Task instructions:
Repeat exactly the lines below, from the line containing "Wandgemonteerde houten handdoekhouder" through the last line, both included. Leave out any pictures.

Source data:
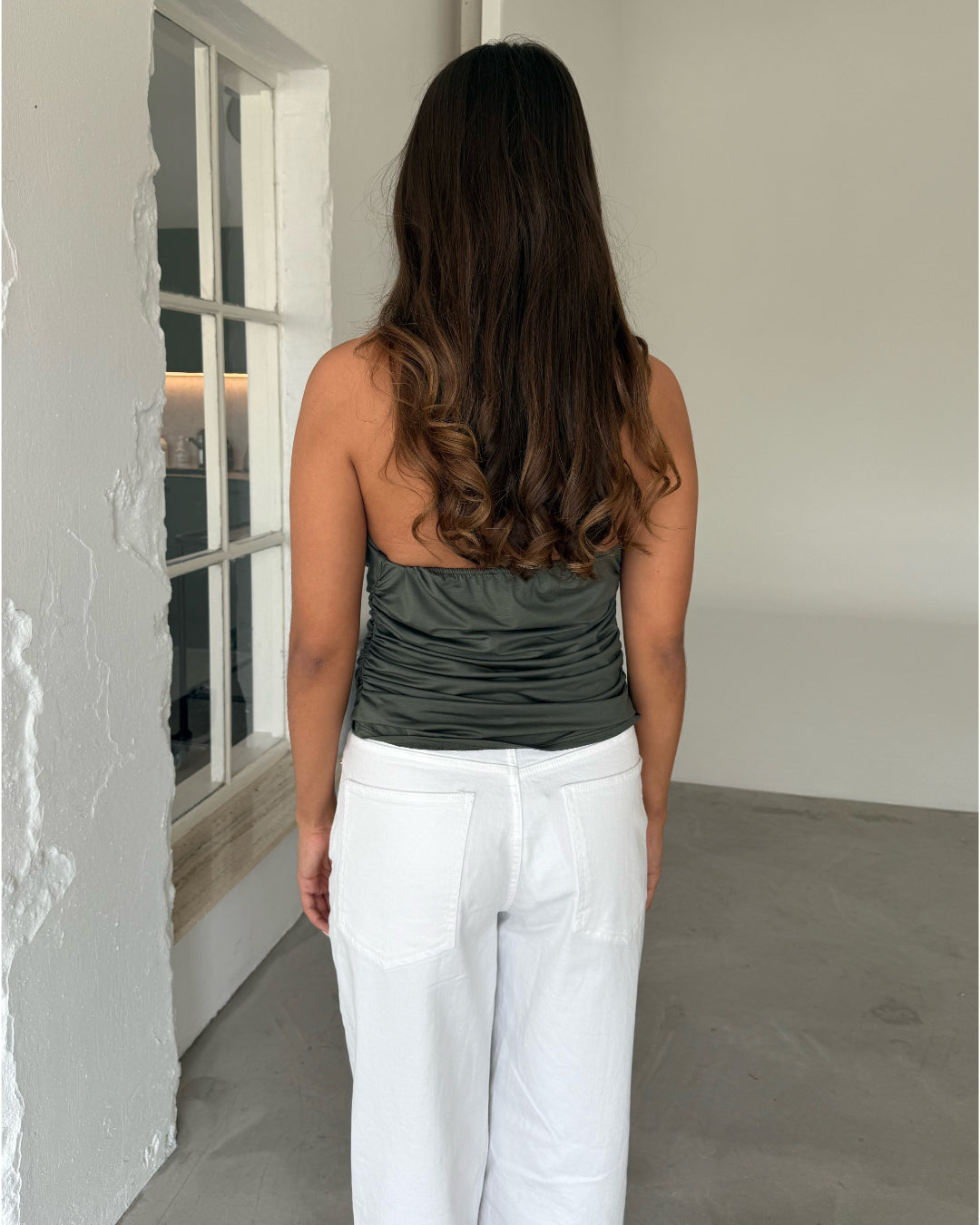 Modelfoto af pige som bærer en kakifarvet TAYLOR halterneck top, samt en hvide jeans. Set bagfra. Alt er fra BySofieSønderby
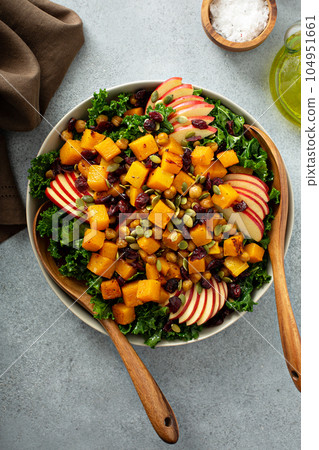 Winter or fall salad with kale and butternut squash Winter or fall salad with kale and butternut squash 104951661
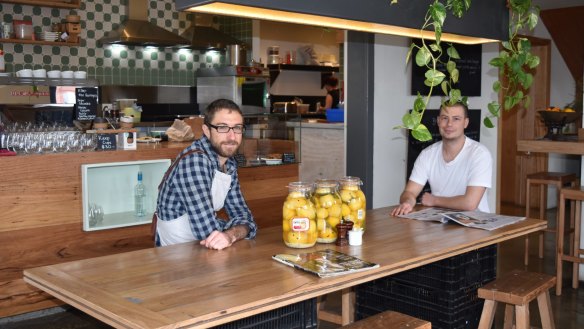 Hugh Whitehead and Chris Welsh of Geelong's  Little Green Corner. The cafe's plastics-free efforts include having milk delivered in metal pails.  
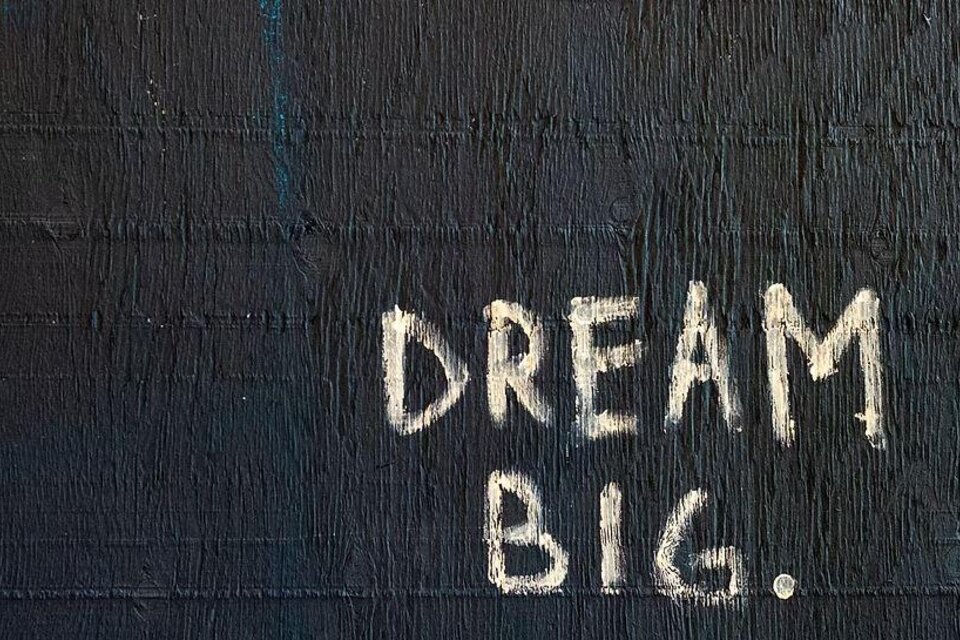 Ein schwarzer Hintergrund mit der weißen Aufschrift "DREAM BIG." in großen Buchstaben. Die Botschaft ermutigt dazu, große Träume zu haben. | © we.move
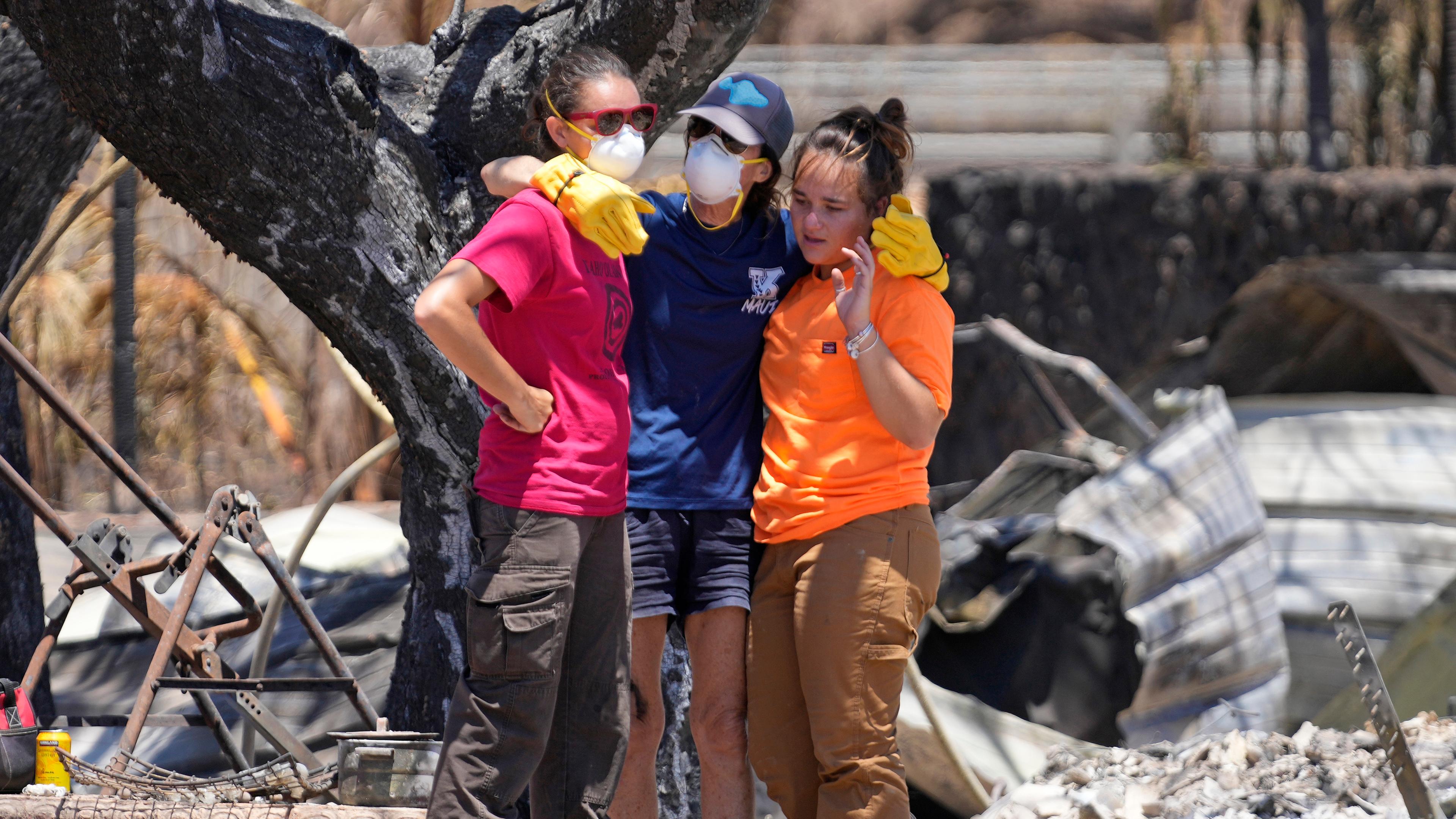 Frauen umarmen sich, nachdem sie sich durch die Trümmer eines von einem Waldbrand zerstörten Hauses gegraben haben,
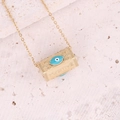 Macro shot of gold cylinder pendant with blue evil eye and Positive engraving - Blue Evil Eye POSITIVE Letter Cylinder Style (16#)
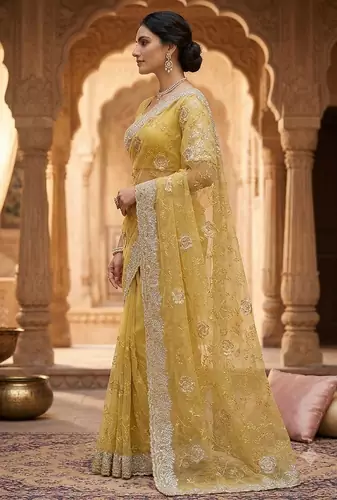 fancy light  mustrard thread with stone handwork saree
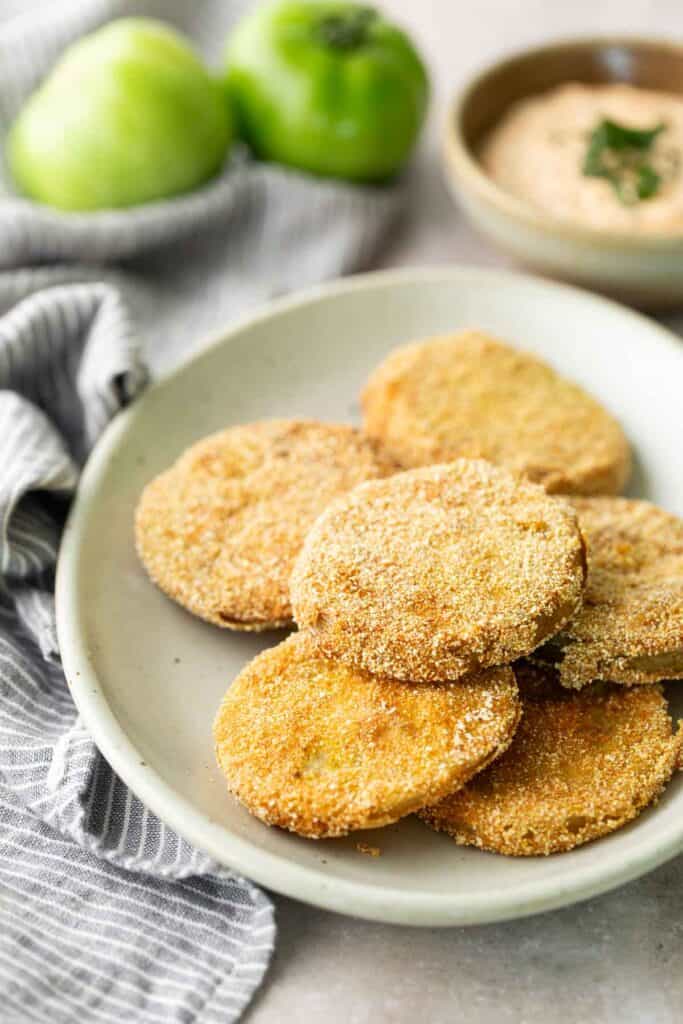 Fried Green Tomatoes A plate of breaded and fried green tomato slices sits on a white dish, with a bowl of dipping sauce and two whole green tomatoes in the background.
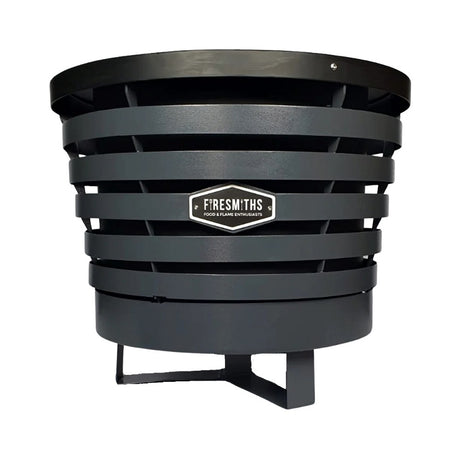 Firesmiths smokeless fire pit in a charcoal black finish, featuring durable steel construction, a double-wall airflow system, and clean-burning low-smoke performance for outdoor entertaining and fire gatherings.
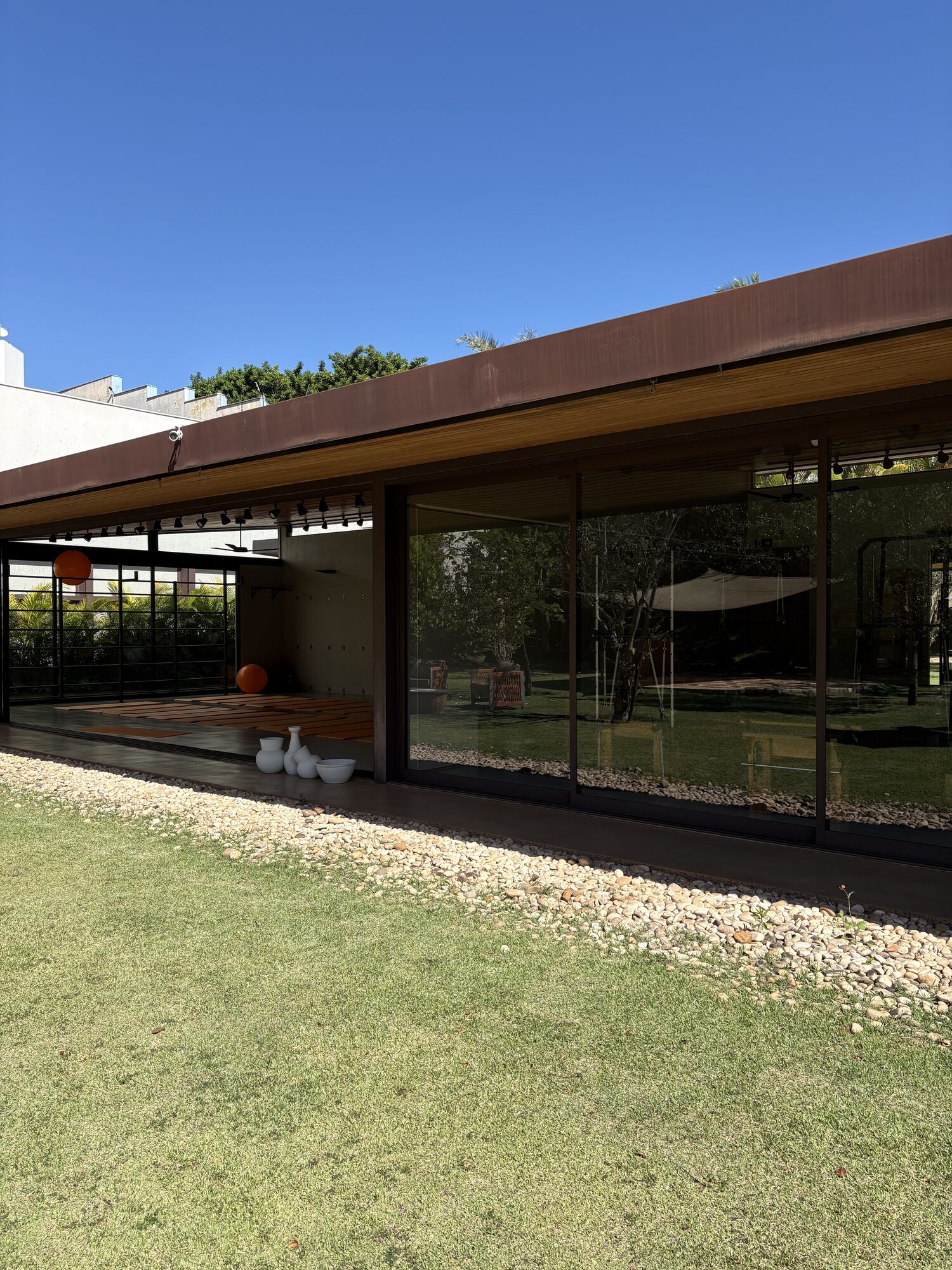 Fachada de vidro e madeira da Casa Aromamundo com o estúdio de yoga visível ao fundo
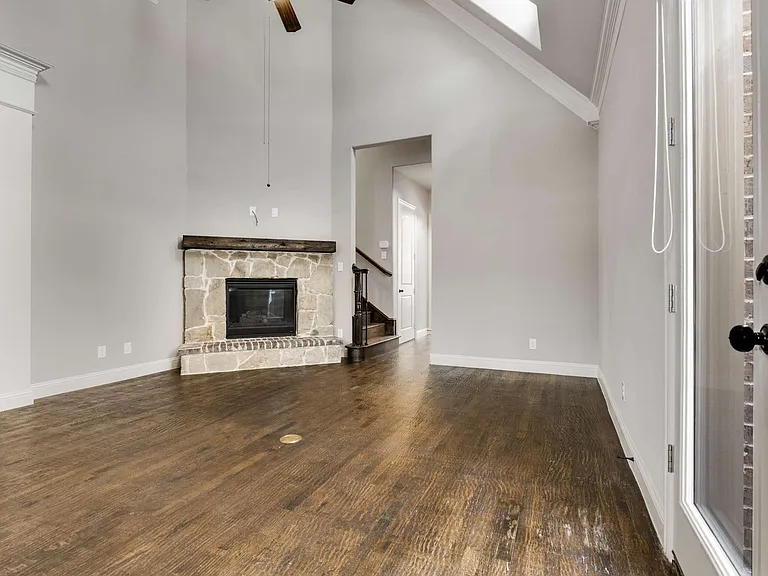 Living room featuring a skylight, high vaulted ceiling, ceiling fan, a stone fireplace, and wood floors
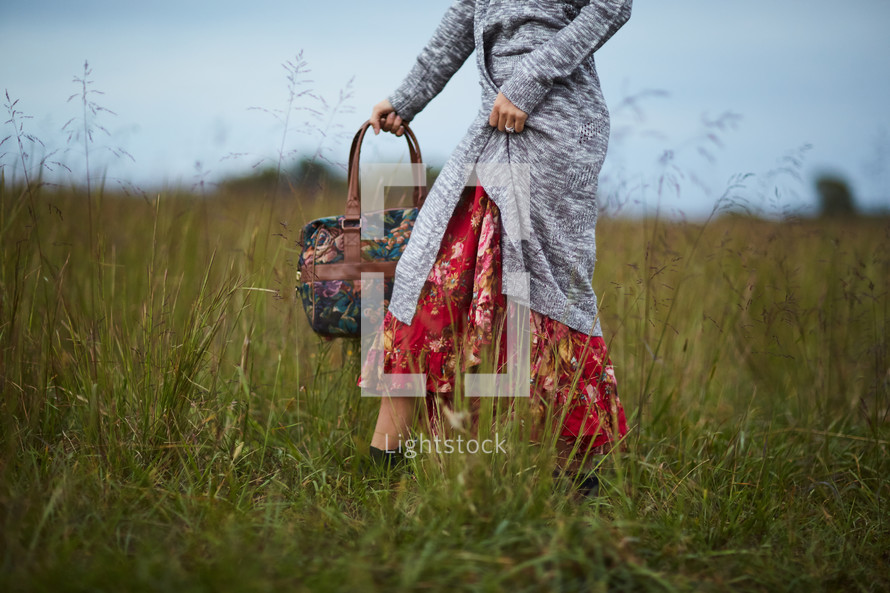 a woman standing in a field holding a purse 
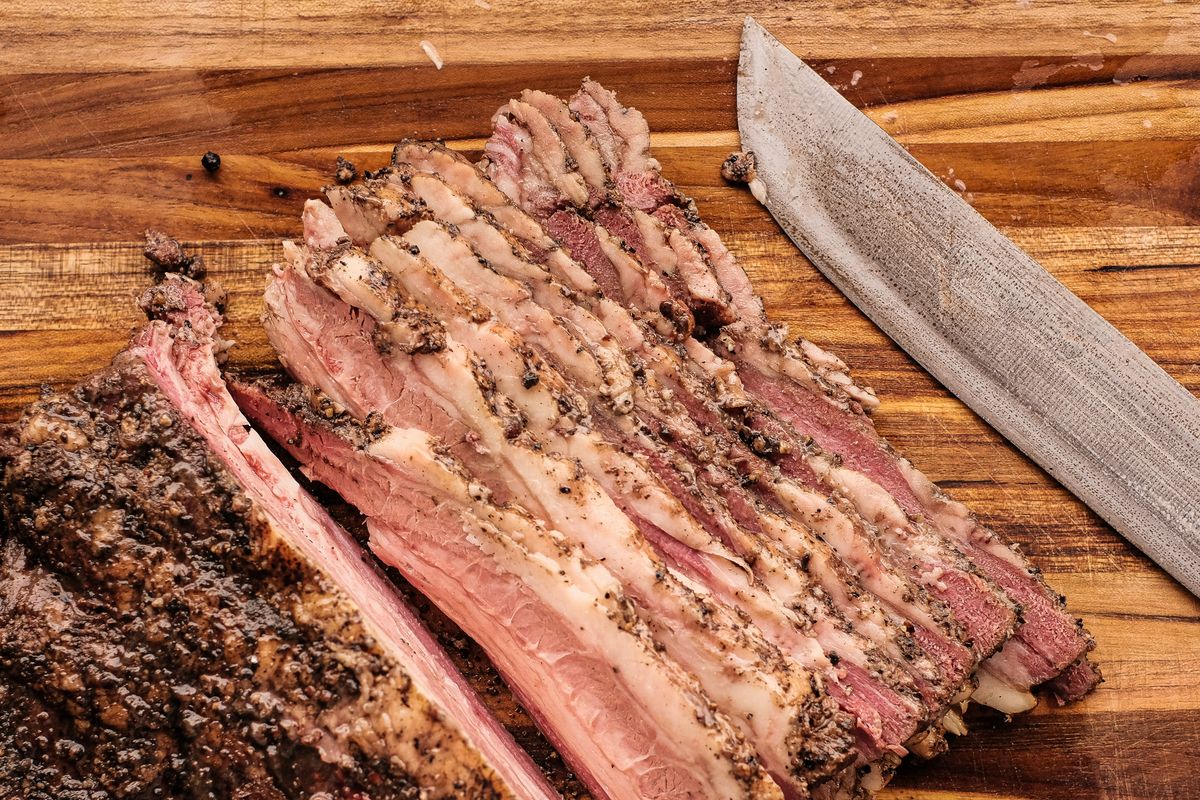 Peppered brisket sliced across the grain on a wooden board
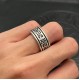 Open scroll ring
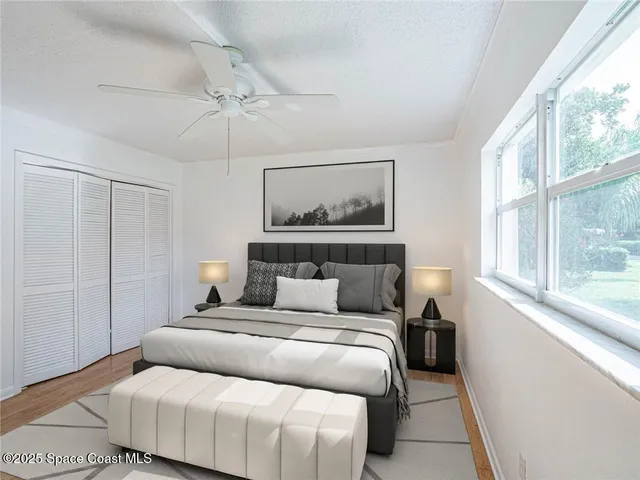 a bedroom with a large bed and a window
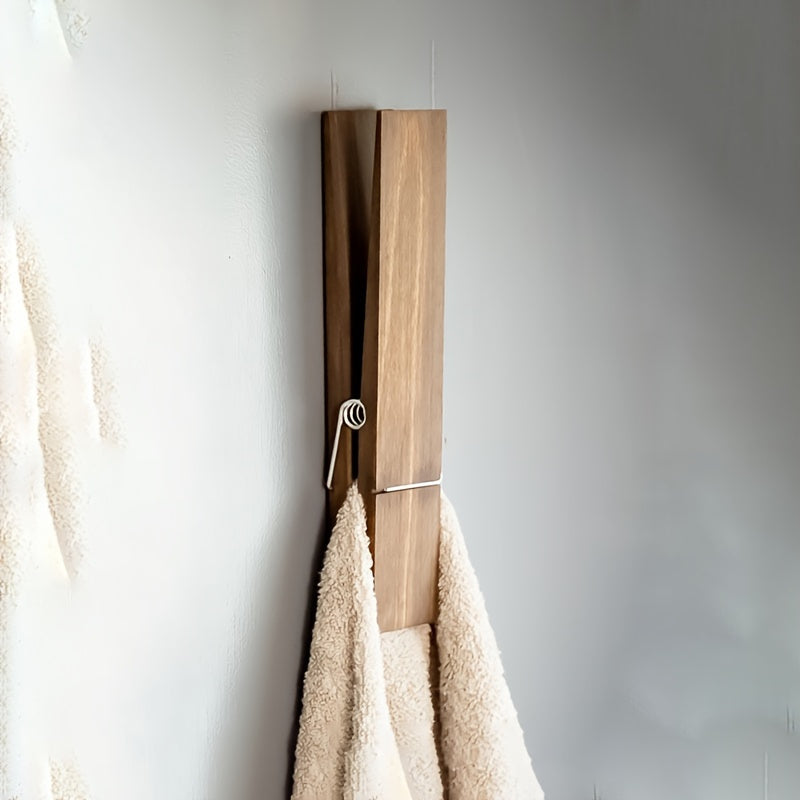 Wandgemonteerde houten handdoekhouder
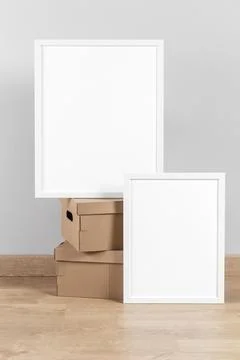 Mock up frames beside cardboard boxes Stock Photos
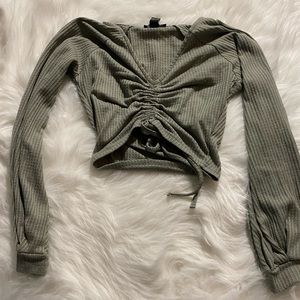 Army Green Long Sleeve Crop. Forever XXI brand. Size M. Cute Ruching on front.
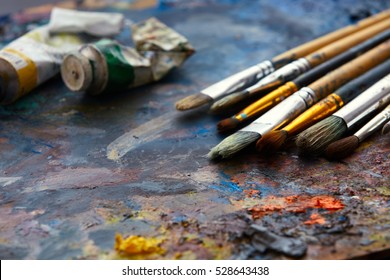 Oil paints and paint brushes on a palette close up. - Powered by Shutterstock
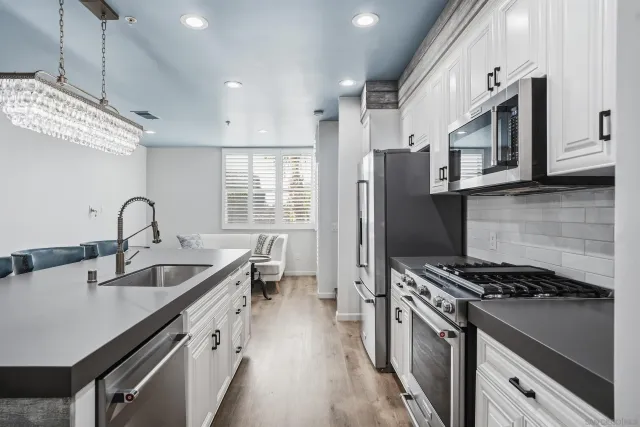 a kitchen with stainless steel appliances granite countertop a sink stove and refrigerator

Completed exercise:
 Wandgemonteerde houten handdoekhouder
 Mock up frames beside cardboard boxes Stock Photos
 Army Green Long Sleeve Crop. Forever XXI brand. Size M. Cute Ruching on front.
 Oil paints and paint brushes on a palette close up. - Powered by Shutterstock
 a kitchen with stainless steel appliances granite countertop a sink stove and refrigerator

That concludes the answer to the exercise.